*Goal of the exercise*. Copy exactly, and only, the lines from the line containing "Diccionario de la" through the last line of the records below, both included, and leave out any pictures.

◇ ◇ ◇ ◇ ◇

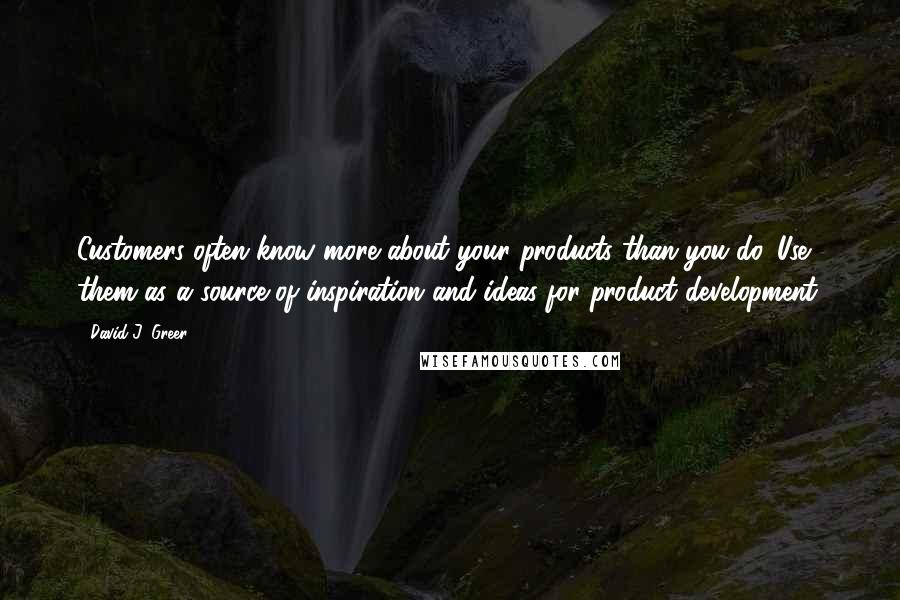 David J. Greer Quotes: Customers often know more about your products than you do. Use them as a source of inspiration and ideas for product development.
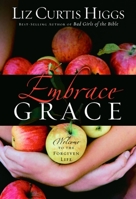 Embrace Grace 1400072182 Book Cover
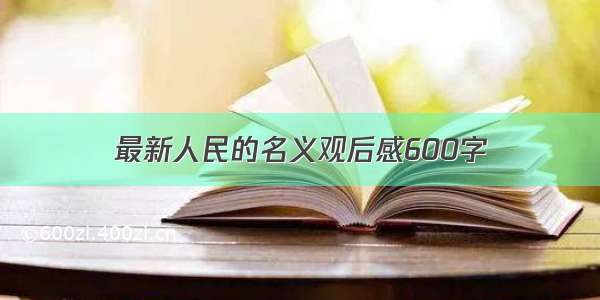 最新人民的名义观后感600字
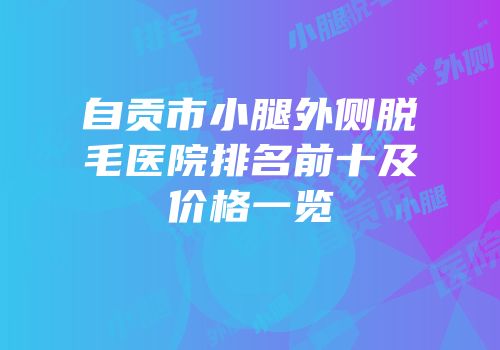 自贡市小腿外侧脱毛医院排名前十及价格一览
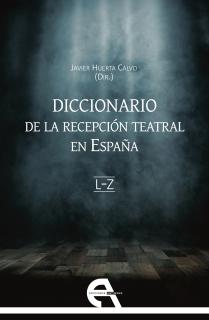 Diccionario de la recepción teatral en España II (letras L-Z)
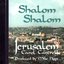Shalom Shalom Jerusalem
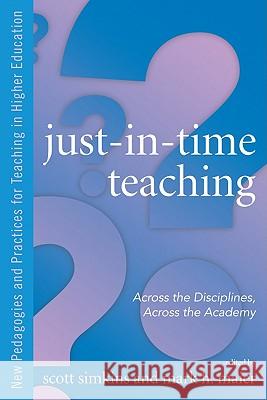 Just-In-Time Teaching: Across the Disciplines, Across the Academy Simkins, Scott 9781579222932 Stylus Publishing (VA)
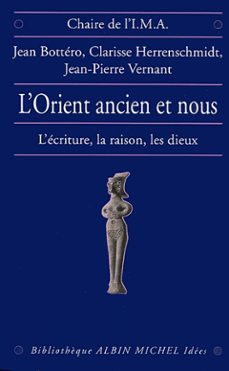 -jean bottero-clarisse herrenschmidt-jean pierre vernant-9782226223104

◇ ◇ ◇ ◇ ◇

*Response to the task*.
 Diccionario de la recepción teatral en España II (letras L-Z)
Shalom Shalom Jerusalem
 Just-In-Time Teaching: Across the Disciplines, Across the Academy Simkins, Scott 9781579222932 Stylus Publishing (VA)
 -jean bottero-clarisse herrenschmidt-jean pierre vernant-9782226223104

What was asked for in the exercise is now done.